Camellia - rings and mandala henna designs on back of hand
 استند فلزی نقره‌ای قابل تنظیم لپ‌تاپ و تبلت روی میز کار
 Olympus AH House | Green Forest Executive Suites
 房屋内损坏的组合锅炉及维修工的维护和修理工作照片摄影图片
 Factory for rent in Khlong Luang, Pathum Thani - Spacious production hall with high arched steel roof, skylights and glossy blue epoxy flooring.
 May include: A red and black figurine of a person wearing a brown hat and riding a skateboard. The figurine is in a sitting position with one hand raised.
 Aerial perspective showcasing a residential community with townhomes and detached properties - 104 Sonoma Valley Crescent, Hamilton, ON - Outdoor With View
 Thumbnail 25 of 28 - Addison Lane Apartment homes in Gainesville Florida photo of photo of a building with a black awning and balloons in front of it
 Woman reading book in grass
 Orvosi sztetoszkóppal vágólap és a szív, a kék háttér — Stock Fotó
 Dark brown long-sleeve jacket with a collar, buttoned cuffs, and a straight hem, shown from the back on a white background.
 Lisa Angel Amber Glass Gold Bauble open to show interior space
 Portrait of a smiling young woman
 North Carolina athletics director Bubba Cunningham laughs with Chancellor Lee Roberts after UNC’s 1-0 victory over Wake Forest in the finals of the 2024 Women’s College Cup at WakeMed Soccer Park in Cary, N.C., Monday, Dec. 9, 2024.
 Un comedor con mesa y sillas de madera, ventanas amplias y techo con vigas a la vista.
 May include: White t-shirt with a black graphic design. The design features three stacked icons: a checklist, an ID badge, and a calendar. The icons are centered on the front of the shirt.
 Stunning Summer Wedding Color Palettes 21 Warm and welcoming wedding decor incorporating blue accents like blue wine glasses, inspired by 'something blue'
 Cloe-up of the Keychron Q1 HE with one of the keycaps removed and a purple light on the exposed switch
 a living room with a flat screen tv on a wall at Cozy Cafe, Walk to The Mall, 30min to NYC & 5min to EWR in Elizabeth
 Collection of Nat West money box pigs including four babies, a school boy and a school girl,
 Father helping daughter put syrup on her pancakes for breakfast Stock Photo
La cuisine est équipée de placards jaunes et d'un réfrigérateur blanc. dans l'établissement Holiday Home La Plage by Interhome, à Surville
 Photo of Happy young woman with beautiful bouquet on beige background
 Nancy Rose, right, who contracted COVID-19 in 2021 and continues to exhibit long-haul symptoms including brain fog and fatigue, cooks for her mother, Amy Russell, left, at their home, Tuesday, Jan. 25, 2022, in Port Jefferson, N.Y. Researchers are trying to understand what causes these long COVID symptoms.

——————————

> **WHAT IS EXPECTED**
Set down exactly the lines above that run from the start of the listing to the line with "Stunning Summer Wedding". Leave out every later line.

> **ANSWER TO THIS TASK**
Camellia - rings and mandala henna designs on back of hand
 استند فلزی نقره‌ای قابل تنظیم لپ‌تاپ و تبلت روی میز کار
 Olympus AH House | Green Forest Executive Suites
 房屋内损坏的组合锅炉及维修工的维护和修理工作照片摄影图片
 Factory for rent in Khlong Luang, Pathum Thani - Spacious production hall with high arched steel roof, skylights and glossy blue epoxy flooring.
 May include: A red and black figurine of a person wearing a brown hat and riding a skateboard. The figurine is in a sitting position with one hand raised.
 Aerial perspective showcasing a residential community with townhomes and detached properties - 104 Sonoma Valley Crescent, Hamilton, ON - Outdoor With View
 Thumbnail 25 of 28 - Addison Lane Apartment homes in Gainesville Florida photo of photo of a building with a black awning and balloons in front of it
 Woman reading book in grass
 Orvosi sztetoszkóppal vágólap és a szív, a kék háttér — Stock Fotó
 Dark brown long-sleeve jacket with a collar, buttoned cuffs, and a straight hem, shown from the back on a white background.
 Lisa Angel Amber Glass Gold Bauble open to show interior space
 Portrait of a smiling young woman
 North Carolina athletics director Bubba Cunningham laughs with Chancellor Lee Roberts after UNC’s 1-0 victory over Wake Forest in the finals of the 2024 Women’s College Cup at WakeMed Soccer Park in Cary, N.C., Monday, Dec. 9, 2024.
 Un comedor con mesa y sillas de madera, ventanas amplias y techo con vigas a la vista.
 May include: White t-shirt with a black graphic design. The design features three stacked icons: a checklist, an ID badge, and a calendar. The icons are centered on the front of the shirt.
 Stunning Summer Wedding Color Palettes 21 Warm and welcoming wedding decor incorporating blue accents like blue wine glasses, inspired by 'something blue'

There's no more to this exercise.